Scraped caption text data

--- START ---

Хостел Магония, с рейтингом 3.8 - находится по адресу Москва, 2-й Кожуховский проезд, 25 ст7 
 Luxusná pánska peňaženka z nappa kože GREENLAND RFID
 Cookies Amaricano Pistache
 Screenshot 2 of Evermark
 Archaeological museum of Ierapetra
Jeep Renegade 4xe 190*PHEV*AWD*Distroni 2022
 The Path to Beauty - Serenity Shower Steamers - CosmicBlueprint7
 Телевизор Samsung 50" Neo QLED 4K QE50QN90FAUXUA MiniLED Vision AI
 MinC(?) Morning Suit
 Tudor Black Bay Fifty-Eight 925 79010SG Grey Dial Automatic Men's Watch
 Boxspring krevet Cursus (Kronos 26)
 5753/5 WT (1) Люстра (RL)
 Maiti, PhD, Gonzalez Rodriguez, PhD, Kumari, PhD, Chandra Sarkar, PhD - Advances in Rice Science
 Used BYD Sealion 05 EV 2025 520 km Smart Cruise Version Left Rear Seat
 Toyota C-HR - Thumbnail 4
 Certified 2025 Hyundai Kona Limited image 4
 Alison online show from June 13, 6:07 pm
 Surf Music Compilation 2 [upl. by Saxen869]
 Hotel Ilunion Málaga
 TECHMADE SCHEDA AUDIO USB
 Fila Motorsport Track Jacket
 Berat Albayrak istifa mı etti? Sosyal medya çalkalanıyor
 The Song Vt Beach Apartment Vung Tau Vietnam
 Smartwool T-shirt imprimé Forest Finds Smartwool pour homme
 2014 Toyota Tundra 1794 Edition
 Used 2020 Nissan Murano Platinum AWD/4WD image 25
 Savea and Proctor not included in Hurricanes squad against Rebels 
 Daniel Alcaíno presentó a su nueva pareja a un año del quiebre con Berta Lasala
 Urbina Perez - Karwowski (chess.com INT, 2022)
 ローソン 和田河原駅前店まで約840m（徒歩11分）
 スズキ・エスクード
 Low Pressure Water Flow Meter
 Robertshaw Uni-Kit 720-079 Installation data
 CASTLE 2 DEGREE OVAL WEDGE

--- END ---

Would you copy each line of the data exactly as it appears above?

▶ Solution to this problem:
Хостел Магония, с рейтингом 3.8 - находится по адресу Москва, 2-й Кожуховский проезд, 25 ст7 
 Luxusná pánska peňaženka z nappa kože GREENLAND RFID
 Cookies Amaricano Pistache
 Screenshot 2 of Evermark
 Archaeological museum of Ierapetra
Jeep Renegade 4xe 190*PHEV*AWD*Distroni 2022
 The Path to Beauty - Serenity Shower Steamers - CosmicBlueprint7
 Телевизор Samsung 50" Neo QLED 4K QE50QN90FAUXUA MiniLED Vision AI
 MinC(?) Morning Suit
 Tudor Black Bay Fifty-Eight 925 79010SG Grey Dial Automatic Men's Watch
 Boxspring krevet Cursus (Kronos 26)
 5753/5 WT (1) Люстра (RL)
 Maiti, PhD, Gonzalez Rodriguez, PhD, Kumari, PhD, Chandra Sarkar, PhD - Advances in Rice Science
 Used BYD Sealion 05 EV 2025 520 km Smart Cruise Version Left Rear Seat
 Toyota C-HR - Thumbnail 4
 Certified 2025 Hyundai Kona Limited image 4
 Alison online show from June 13, 6:07 pm
 Surf Music Compilation 2 [upl. by Saxen869]
 Hotel Ilunion Málaga
 TECHMADE SCHEDA AUDIO USB
 Fila Motorsport Track Jacket
 Berat Albayrak istifa mı etti? Sosyal medya çalkalanıyor
 The Song Vt Beach Apartment Vung Tau Vietnam
 Smartwool T-shirt imprimé Forest Finds Smartwool pour homme
 2014 Toyota Tundra 1794 Edition
 Used 2020 Nissan Murano Platinum AWD/4WD image 25
 Savea and Proctor not included in Hurricanes squad against Rebels 
 Daniel Alcaíno presentó a su nueva pareja a un año del quiebre con Berta Lasala
 Urbina Perez - Karwowski (chess.com INT, 2022)
 ローソン 和田河原駅前店まで約840m（徒歩11分）
 スズキ・エスクード
 Low Pressure Water Flow Meter
 Robertshaw Uni-Kit 720-079 Installation data
 CASTLE 2 DEGREE OVAL WEDGE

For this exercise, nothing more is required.